Nokia Stock Option Plans
For a summary of the existing Nokia stock option plans, in some of which the Group Executive Board members participate, please see note 21 to our consolidated financial statements included in Item 18 of this Form 20-F.
Other Employee Plans Related to Equity
Unlike our other stock option plans, the plans described below do not result in an increase of our share capital.
In 1999 we introduced a stock option plan available to our employees in the United States and Canada: the Nokia Holding Inc. 1999 Stock Option Plan. For more information on this plan, see note 21 to our consolidated financial statements included in Item 18 of this Form 20-F.
In 2000, we introduced an Employee Share Purchase Plan, which permits all full-time Nokia employees located in the United States to acquire Nokia ADSs at a 15% discount.
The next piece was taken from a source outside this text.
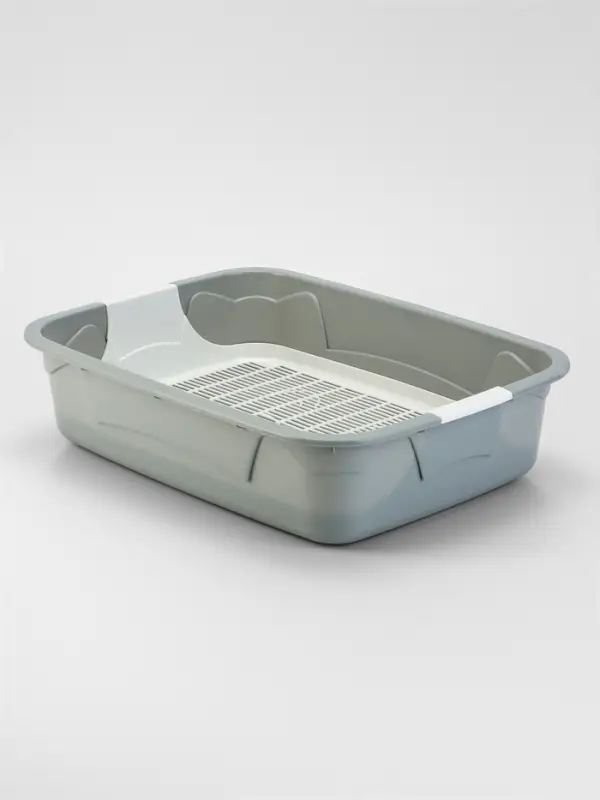 Туалет с сеткой, 44&times;33&times;11.5 см, серый, белый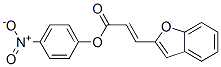 β-(Benzofuran-2-yl)acrylic acid p-nitrophenyl ester 结构式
The ADSs to be purchased are funded through monthly payroll deductions from the salary of the participants, and the ADSs are purchased on a monthly basis. As of December 31, 2002, a total of 1,008,846 ADSs had been purchased under the plan since its inception, and there were a total of approximately 1,000 participants.
In connection with the acquisition of Ipsilon, we assumed Ipsilon's 1995 stock option plan. The former employees, officers and directors of Ipsilon are eligible to participate in this plan. We intend to issue no more options pursuant to this plan. As of December 31, 2002, options to purchase 611,890 ADSs were outstanding at an average exercise price of USD 25.37 per ADS.
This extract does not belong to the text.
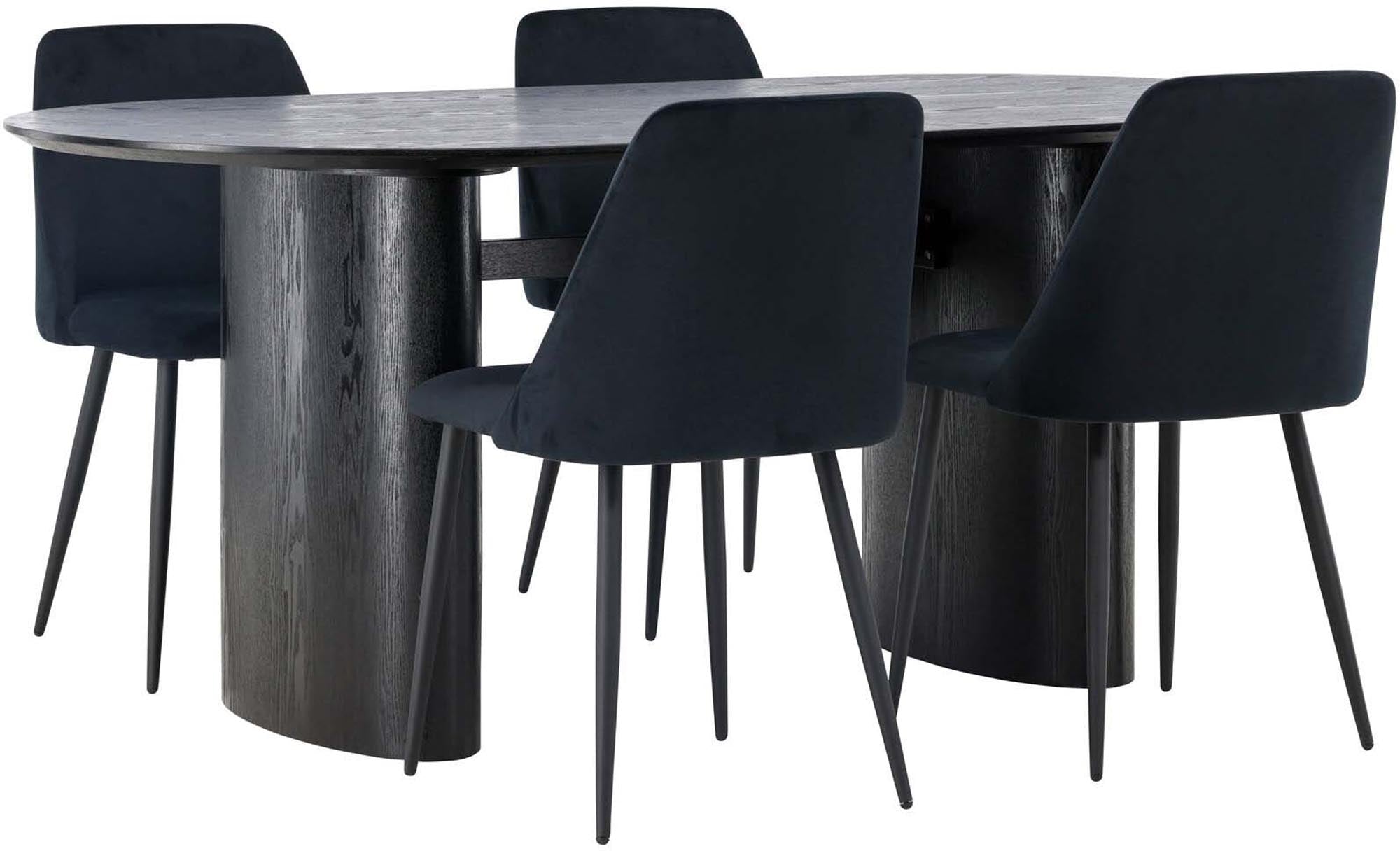 Isolde Esszimmerset + Night 180cm/4St.: Stilvolles Design und Komfort für gesellige Abende mit Familie und Freunden.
In connection with the acquisition of certain US corporations, we have replaced stock options held by the employees, officers or consultants of the acquired corporations immediately prior to the respective acquisition with stock options that entitle those persons to purchase Nokia ADSs. The maximum aggregate number of ADSs that may be issued under these arrangements is 7,050,000. As of December 31, 2002 options to purchase 3,360,567 ADSs were outstanding at an average exercise price of USD 15.81 per ADS.
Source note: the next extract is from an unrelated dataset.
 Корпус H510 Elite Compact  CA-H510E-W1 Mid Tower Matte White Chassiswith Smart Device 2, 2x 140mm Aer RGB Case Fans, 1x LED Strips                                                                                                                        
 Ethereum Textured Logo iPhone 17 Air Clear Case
ITEM 7. MAJOR SHAREHOLDERS AND RELATED PARTY TRANSACTIONS
7.A Major Shareholders
No persons are known by Nokia to hold currently more than 5% of the voting securities of Nokia Corporation. As far as we know, Nokia is not directly or indirectly owned or controlled by another corporation or by any government, and there are no arrangements that may result in a change of control of Nokia. During the past three years, the only shareholder we have known to hold 5% of our voting securities has been Janus Capital Corporation, which informed us on December 9, 1999 that its holdings of Nokia shares exceeded 5% of our total share capital. Janus Capital Corporation informed us on July 26, 2001 that its ownership position had decreased below 5% of our total share capital. Its address is 100 Fillmore Street, Denver, Colorado, 80206-4923, United States.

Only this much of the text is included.